(Beginning of Entries supplied)

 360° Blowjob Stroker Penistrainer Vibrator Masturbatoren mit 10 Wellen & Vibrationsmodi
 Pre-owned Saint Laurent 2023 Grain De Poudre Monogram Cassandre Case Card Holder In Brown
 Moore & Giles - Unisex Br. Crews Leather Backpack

(End of Entries supplied)
(Beginning of Entries supplied)

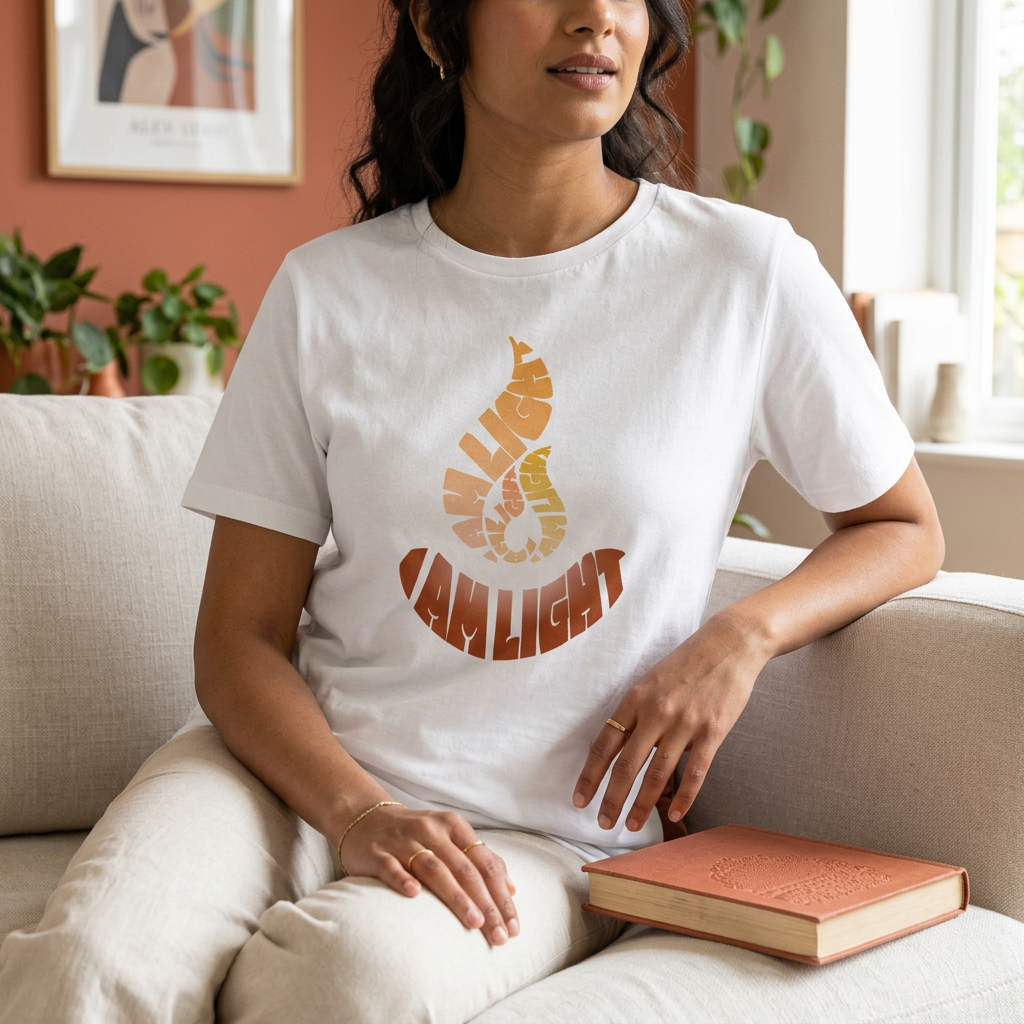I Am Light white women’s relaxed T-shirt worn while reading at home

(End of Entries supplied)

**Exercise**
Give the exact lines, and only those, from the line containing "360° Blowjob Stroker" through the line containing "Moore & Giles" in the entries above.

**Solved problem**
 360° Blowjob Stroker Penistrainer Vibrator Masturbatoren mit 10 Wellen & Vibrationsmodi
 Pre-owned Saint Laurent 2023 Grain De Poudre Monogram Cassandre Case Card Holder In Brown
 Moore & Giles - Unisex Br. Crews Leather Backpack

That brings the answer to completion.